» What the task requires
Find the line holding "Nissan Altima Voiture" in the entries below. Give it again exactly, along with every line after it up to and including the line holding "F300 Lounge Chair".
-- Data section follows --
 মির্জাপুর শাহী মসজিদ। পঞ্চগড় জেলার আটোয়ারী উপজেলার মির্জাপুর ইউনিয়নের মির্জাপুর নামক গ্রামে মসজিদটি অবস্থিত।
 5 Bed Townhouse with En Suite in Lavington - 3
-- Data section concluded --
-- Data section follows --
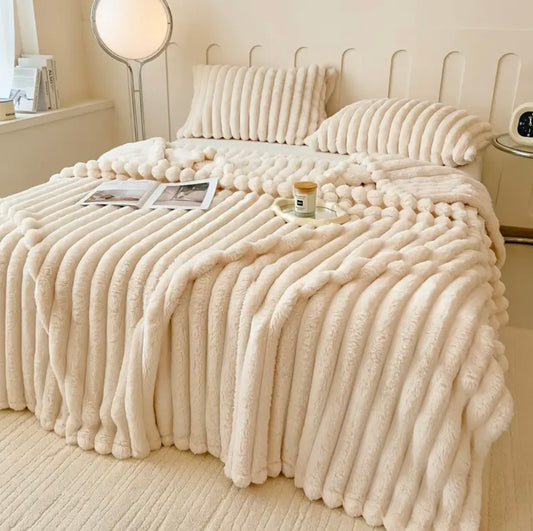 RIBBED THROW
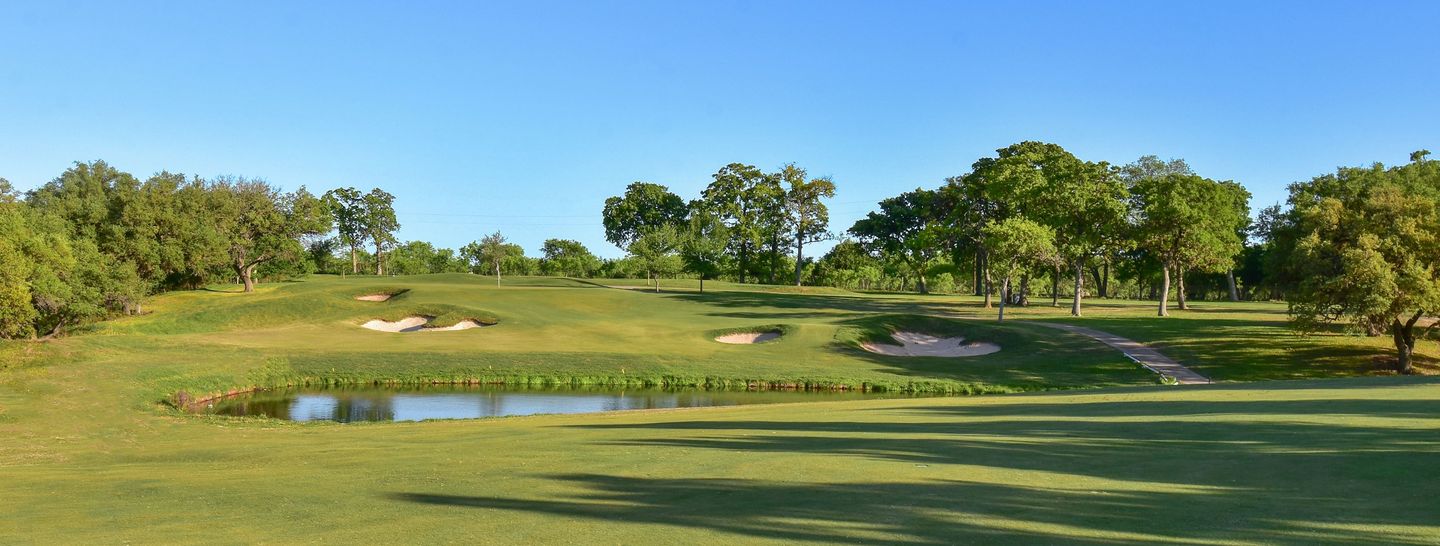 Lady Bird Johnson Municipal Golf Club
-- Data section concluded --
-- Data section follows --
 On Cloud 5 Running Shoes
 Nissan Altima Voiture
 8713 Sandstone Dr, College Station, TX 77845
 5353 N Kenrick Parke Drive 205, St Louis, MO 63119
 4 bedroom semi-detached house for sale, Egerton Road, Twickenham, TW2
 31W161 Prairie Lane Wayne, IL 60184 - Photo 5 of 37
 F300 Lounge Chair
-- Data section concluded --
» Solved problem
 Nissan Altima Voiture
 8713 Sandstone Dr, College Station, TX 77845
 5353 N Kenrick Parke Drive 205, St Louis, MO 63119
 4 bedroom semi-detached house for sale, Egerton Road, Twickenham, TW2
 31W161 Prairie Lane Wayne, IL 60184 - Photo 5 of 37
 F300 Lounge Chair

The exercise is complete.